## Assigned task
Look through the entries below for the line with "Collector’s Edition Wheaties Cereal Box" and the line with "Cabin Bathroom Option", then give again exactly those two lines and all lines between them, minus the pictures.

## Provided data
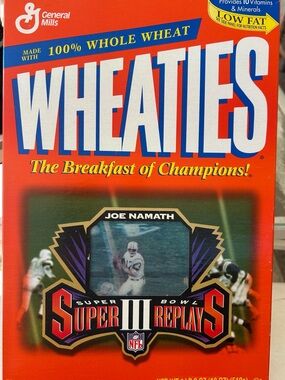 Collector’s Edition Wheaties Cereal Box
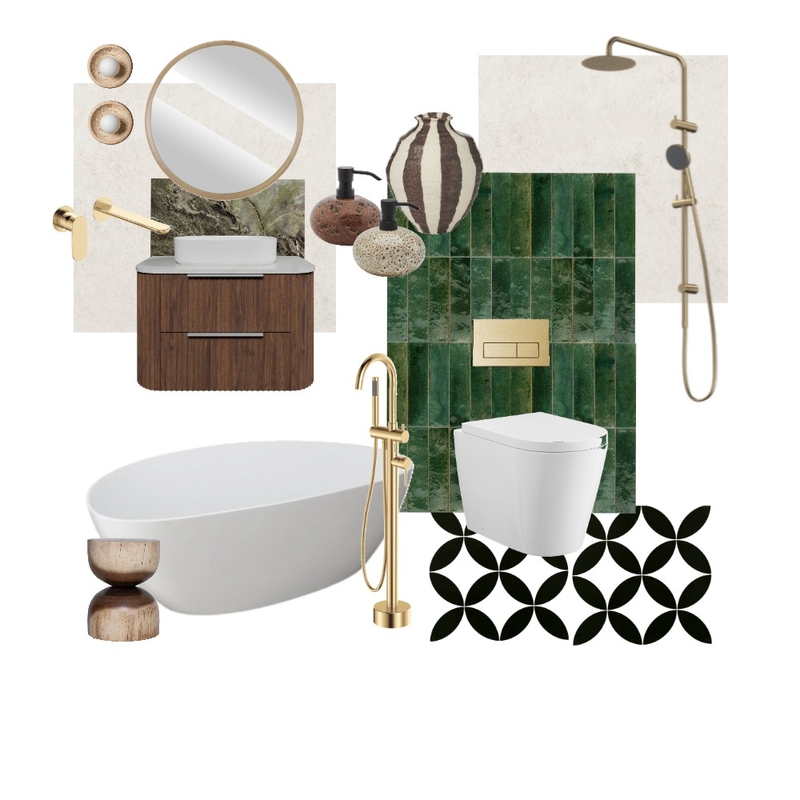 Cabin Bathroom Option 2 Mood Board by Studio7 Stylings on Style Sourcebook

==

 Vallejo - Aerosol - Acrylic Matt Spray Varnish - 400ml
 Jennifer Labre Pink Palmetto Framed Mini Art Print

## Solution
 Collector’s Edition Wheaties Cereal Box
 Cabin Bathroom Option 2 Mood Board by Studio7 Stylings on Style Sourcebook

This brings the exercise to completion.